KPMG Deutschland ist gut vernetzt, zu den Kunden des Unternehmens gehören u.a. die Deutsche Bank, BMW, Fresenius, Thyssen-Krupp. Einige fragwürdige Beratungsvorgänge, so beim Holzmann-Baukonzern und bei der Affäre Hypo-Bank/ Bayerische Vereinsbank, haben den Erfolg von KPMG offenbar nicht gehemmt.
Die deutsche KPMG AG beruft sich auf eine lange Tradition, beginnend schon vor dem Ersten Weltkrieg; als Vorläuferunternehmen gilt ihr die Deutsche Treuhand - Aktiengesellschaft, 1890 zunächst unter dem Titel "Deutsch-Amerikanische Treuhand" gegründet. Die historische deutsche Treuhand AG bewährte sich nach 1933 als Partner des NS-Staates vor allem bei der wirtschaftlichen Administration der Aufrüstung. Details dazu sind in einer Dissertation des Historikers Frank Pega zu finden, die 2009 an der Münchner Ludwig-Maximilians-Universität entstand.

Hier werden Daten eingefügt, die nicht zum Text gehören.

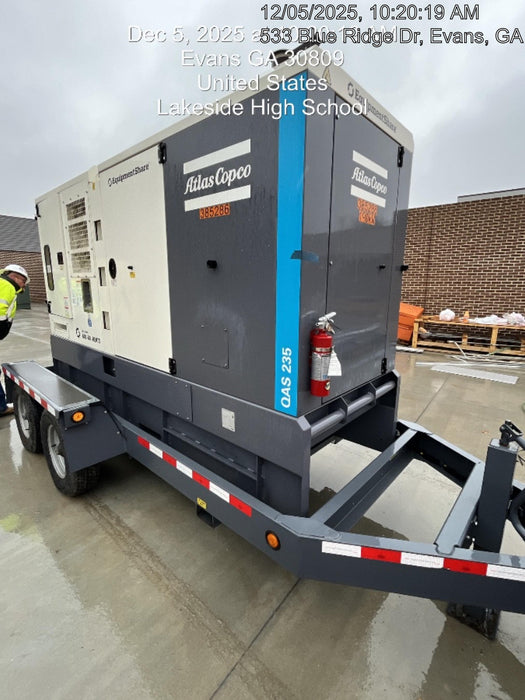 2023 ATLAS COPCO QAS 235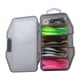 thumbnail image 1 of Señuelos De Pesca Blandos, Práctico Señuelo Suave De Gusano De Mar Para Lubina, Trucha, Tipo Tipo Pez, 40 Uds., 1 of 8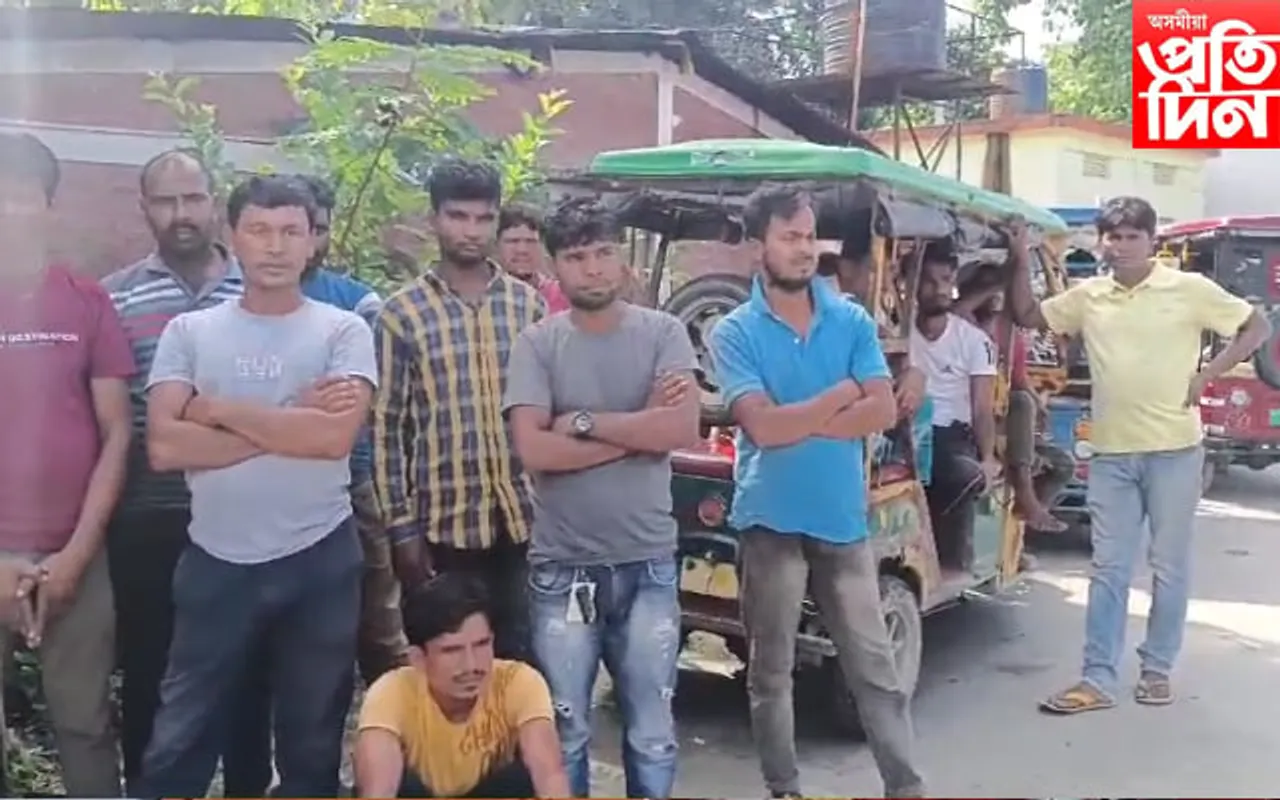 পশ্চিম বৰপেটাৰোড ই-ৰিক্সা চালক সন্থাৰ বিশেষ সভা
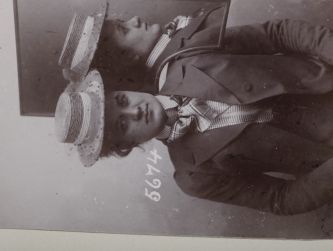 Portrett fra forbryteralbum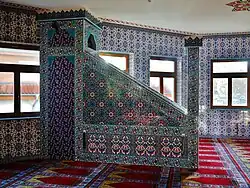 Minbar der Moschee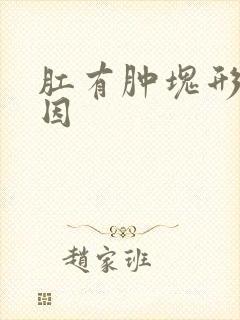 肛有肿块形成原因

Dass die KPMG in ihrem Firmenschild inzwischen nicht mehr mit dem Zusatz "Treuhand" auftritt, dürfte auf weitverbreitete Zweifel an der Tätigkeit jener "treuhänderischen" Institution zurückzuführen sein, die nach dem Untergang der DDR das dortige Volksvermögen zu privatisieren hatte.
Der Auftrag, den Ursula von der Leyen nun an an ein privates Unternehmen vergeben wird, wirft Fragen auf, die allgemein solche Interaktionen zwischen Staat und kommerziellen "Beratungs"-Firmen betreffen. Beschaffungspolitik bei der Bundeswehr lässt sich nicht trennen von den Zielen, die jeweils militärpolitisch gesetzt werden und für die in der Bundesrepublik formal das Parlament zuständig ist.
Argumentation mit der "Wirtschaftlichkeit" einzelner Rüstungsprojekte aber wirkt sich auf Entscheidungen über die Linien in der Militärpolitik aus; die Rüstungsexperten im Bundestag werden (auch wenn sie es wollten) kaum in der Lage sein, unternehmerischer Expertise etwas entgegen zu setzen. Dass eine Firma wie KPMG, die auf Kunden in der großen Privatwirtschaft angewiesen ist, dem kommerziellen Interesse am Rüstungsgeschäft und einer diesem dienlichen Militärpolitik in die Quere kommen könnte, ist nicht zu erwarten. Privatunternehmerische "Advisory" wird so - außerhalb der Verfassung - zur Beteiligung an Weichenstellungen der deutschen Militärpolitik.